U.S.-Iran clash near Hormuz pushes oil above the $100 area as Asian markets turn defensive


📌 U.S.-Iran tensions heated up again after an exchange of fire around the Strait of Hormuz, a key energy transit route for the global oil market. Although both sides have signaled that they do not want to fully break the ceasefire, the incident was still enough to push investors into a more cautious mood.
🛢️ Oil prices reacted quickly, with Brent holding above the $100/barrel area while WTI moved toward the mid-$90 range. The move has not turned into full panic, but it shows that the market is adding a geopolitical risk premium, especially as Hormuz remains a critical chokepoint that could amplify volatility if further retaliation appears.
📉 Asian equities came under broad pressure, with markets in Japan, South Korea, Australia, Hong Kong, and China all weakening during the session.
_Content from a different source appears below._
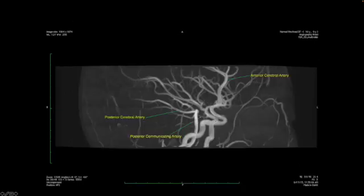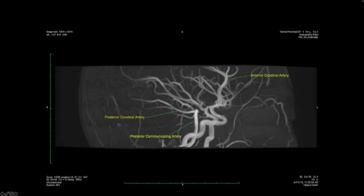Slightly oblique view of the same anatomy and a lateral view of the same anatomy. Again, the carotid arteries, the anterior cerebral arteries, which sweep up along the corpus callosum along the medial portions of the cerebral hemispheres and extend posteriorly. The middle cerebral arteries extend posteriorly to supply the majority of the cerebral hemispheres on both sides. And then the posterior circulation with the basilar artery and the posterior cerebral arteries.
This is a typical reaction when energy prices rise, import costs face upside risk, and short-term capital flows move away from growth-sensitive assets.
⚠️ The key point is that oil has risen sharply, but not in an uncontrolled breakout. This suggests the market still expects Washington and Tehran to leave room for restraint, while the tougher rhetoric is being viewed more as negotiation pressure than the start of a full-scale conflict.
🔎 Over the next 24–48 hours, market direction will depend heavily on whether another strike follows. If tensions cool, oil may pull back from elevated levels; if fresh risk emerges around Hormuz, Brent could stay above $100 and Asian equities may remain under short-term selling pressure.